C'était en 1995, et la décharge pop et électrique de I Should Coco allait marquer l'année, donnant un coup de fouet à une britpop qui risquait de s’enliser dans la rivalité entre Oasis et Blur, et plaçant la Grande Bretagne à nouveau au centre de la planète Rock. La suite de l'histoire de Supergrass n'allait pas toujours rester au même niveau, mais le groupe aura su garder jusqu'au bout une belle intégrité et une vraie fougue, une sorte de simplicité pop revigorante.
Lancé depuis 2010 dans une carrière solo qui attire, à tort, moins l'attention de ce côté du Channel, Gaz Coombes sort Turn The Car Around, son (déjà) quatrième album, qui, dans un genre bien différent de celui de Supergrass, pourrait bien être son meilleur (même s’il est possible de trouver World’s Strongest Man plus immédiatement accrocheur…). Un album qui devrait, s'il y avait une justice, confirmer sa place parmi les gens qui comptent vraiment dans la musique en 2023.
Sans surprise réelle, la trajectoire solo de Gaz marque une véritable maturité – il est déjà du mauvais côté de la quarantaine, après tout – qui le conduit à complexifier, à enrichir sa démarche musicale : il y a dans Turn The Car Around peu de morceaux qui évoquent directement la pop insouciante de Supergrass, même si le glam rock de Long Live the Strange réjouira les amateurs de chansons « immédiates ». Ce qui frappe par contre ici, c’est l’ambition de la construction des chansons, et de leur orchestration : on est plus du côté des grands disques d’un Bowie ou, pour citer un exemple plus contemporain, du travail d’un Radiohead (eux aussi originaires d’Oxford…) lorsqu’ils délaissent l’expérimentation pour parler plus franchement au cœur de leurs auditeurs : c’est dire le niveau où nous plaçons ce Turn The Car Around, d’ores et déjà l’un des grands disques de 2023.

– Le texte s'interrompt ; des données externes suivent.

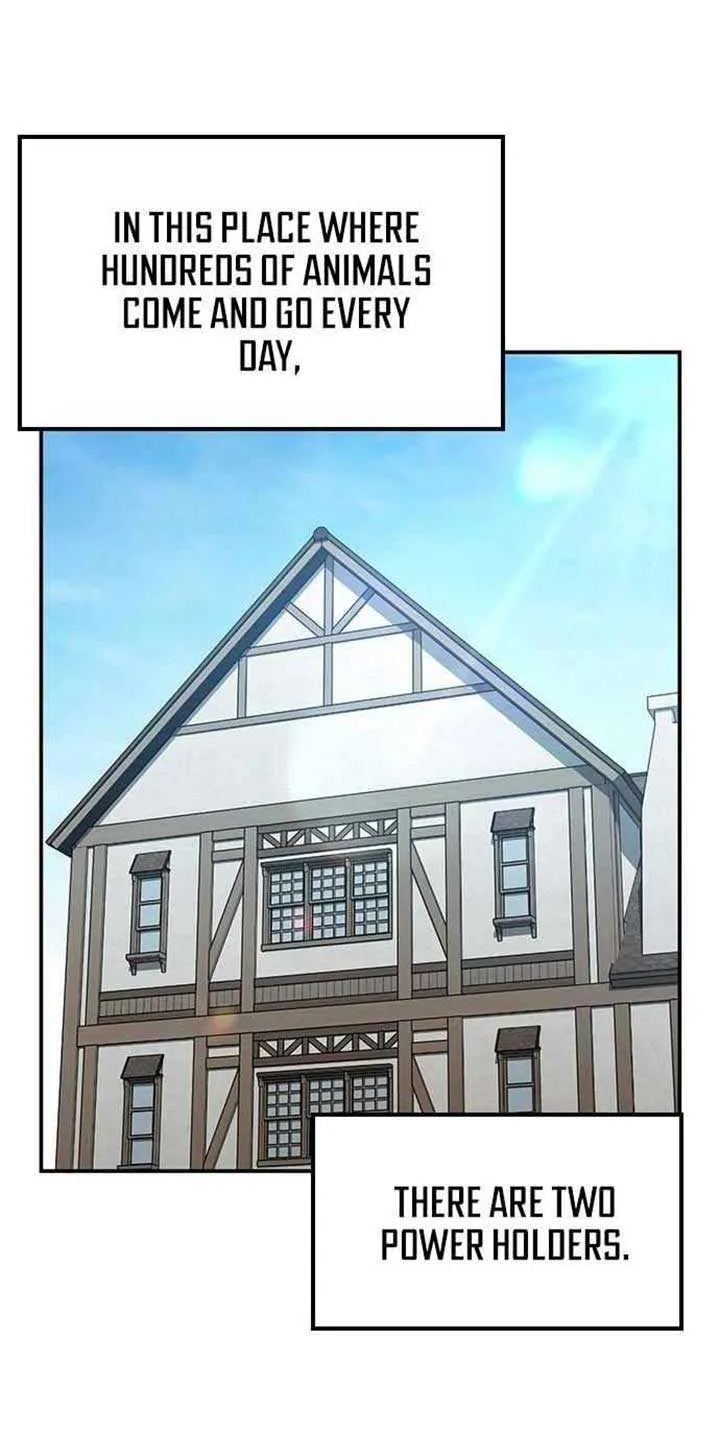 Kim Oh-jin and The Strange Beasts Chapter 29 page 22 -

L’album s’ouvre sur ce qui est paradoxalement l’un de ses titres les moins immédiatement impressionnants, Overnight Trains, introduction progressive à un univers de sensations qui exploseront pourtant de manière spectaculaire à la fin du morceau. Don’t Say It’s Over, et plus loin, This Love (avec des vocaux magnifiques !), sont deux ravissants coups de chapeau à la soul, dans un registre de fait moins habituel pour Gaz. On s’enthousiasmera particulièrement pour un Feel Loop (Lizard Dream) aux sonorités électro, au phrasé contemporain et à la guitare dissonante. Not The Only Things, d’une belle subtilité dans la manière dont se construit la montée émotionnelle, pourra devenir la chanson préférée de nombre d’entre nous. La conclusion de Dance On nous offre la traditionnelle balade finale, destinée à un inévitable décollage lyrique, qui cueillera les derniers – improbables – réticents.
Si Gaz Coombes est un chanteur accompli, ce n’est certainement pas le meilleur parolier britannique en activité. Pourtant, ses textes nous parlent de manière simple, directe, de choses universelles, pertinentes, ce qui reste quand même l’une des plus grandes forces de la musique populaire. De l’égarement – cette profonde incertitude dans laquelle a sombré notre époque, en particulier depuis la pandémie – (« Oh mother, oh mother / Nothing goes to plan / Well I wonder what youʼd make of it / So much change, so little fixed » "Oh mère, oh mère / Rien ne se passe comme prévu / Eh bien, je me demande ce que tu en ferais / Tant de changements, si peu de choses qui sont réglées" dans Turn the Car Around) à l’espoir (« To all my friends / to all the lost / Iʼve got this crazy dream of our utopia » "À tous mes amis / à tous ceux qui sont perdus / J'ai ce rêve fou de notre utopie" de Dance On), en passant par la vieille antienne Rock de la nécessité de sortir de la « masse » (« Long live the strange / Iʼm with you / So donʼt ever change / ‘cos I love you » "Vive les gens étranges / Je suis avec vous / Alors ne changez jamais / Parce que je vous aime" dans Long live the Strange), l'album balaie un riche spectre d'émotions.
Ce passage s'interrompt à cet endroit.